| WORK INSTRUCTION |
Only the lines in the entries below from the line with "Ortronics 2u Rack" to the line with "(Gray) Negative Ionic", both included, belong in the answer, transcribed exactly and without pictures.

| INFORMATION |
== Segment start ==

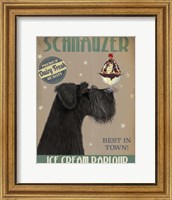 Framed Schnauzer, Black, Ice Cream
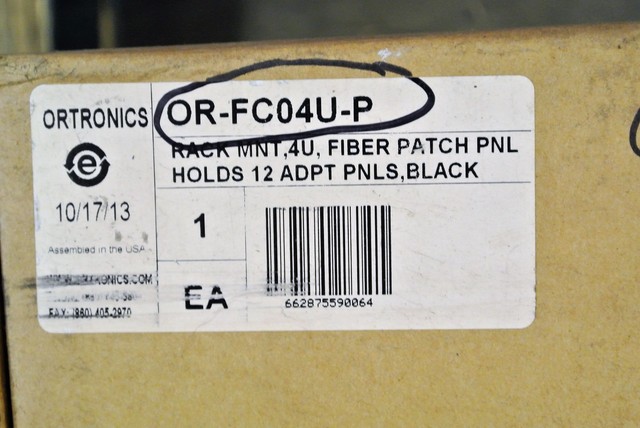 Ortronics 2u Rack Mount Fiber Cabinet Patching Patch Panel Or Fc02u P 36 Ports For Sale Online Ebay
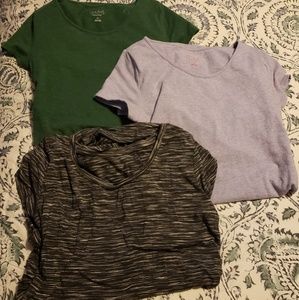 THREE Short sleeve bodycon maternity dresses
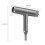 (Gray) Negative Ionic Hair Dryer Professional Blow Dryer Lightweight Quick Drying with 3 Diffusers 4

== Segment end ==
== Segment start ==

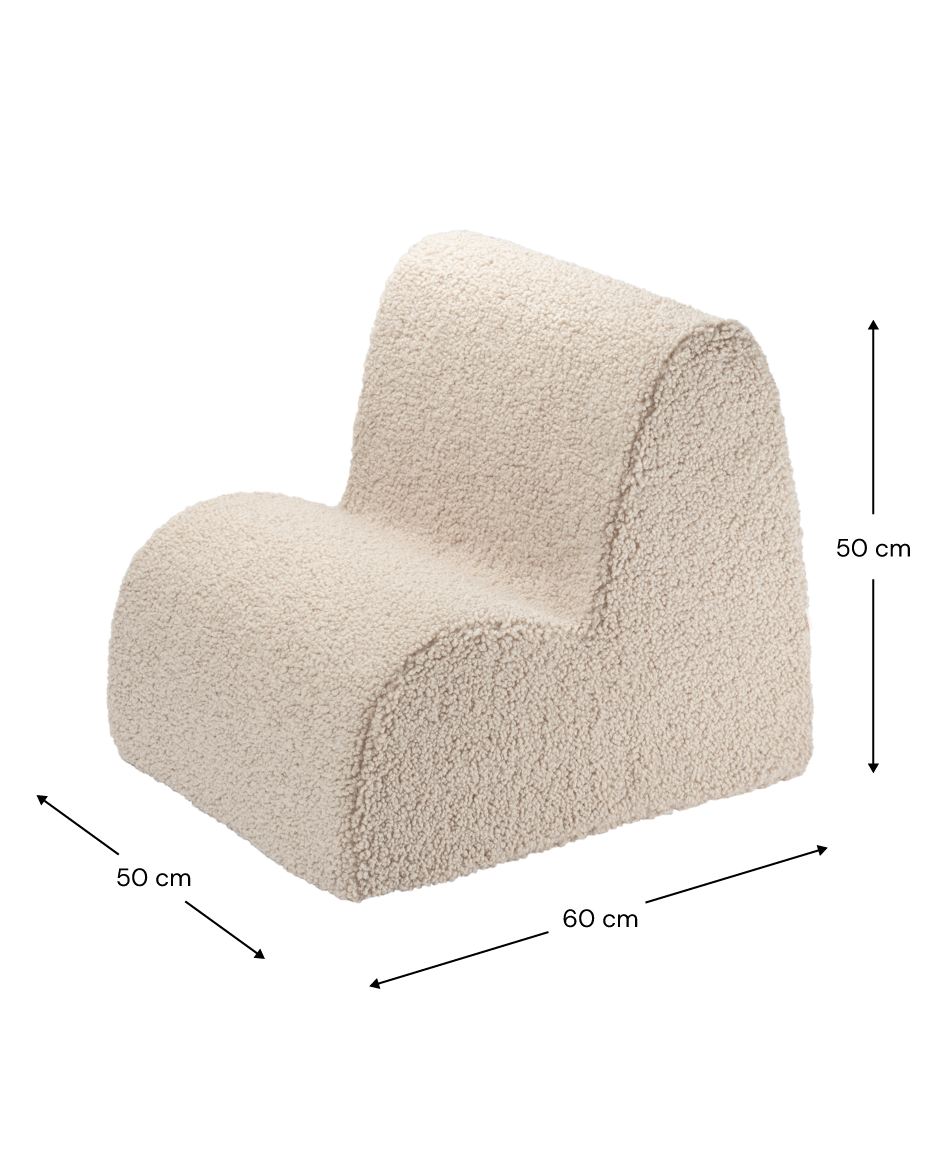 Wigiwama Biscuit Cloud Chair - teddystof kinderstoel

== Segment end ==

| EXERCISE RESULT |
 Ortronics 2u Rack Mount Fiber Cabinet Patching Patch Panel Or Fc02u P 36 Ports For Sale Online Ebay
 THREE Short sleeve bodycon maternity dresses
 (Gray) Negative Ionic Hair Dryer Professional Blow Dryer Lightweight Quick Drying with 3 Diffusers 4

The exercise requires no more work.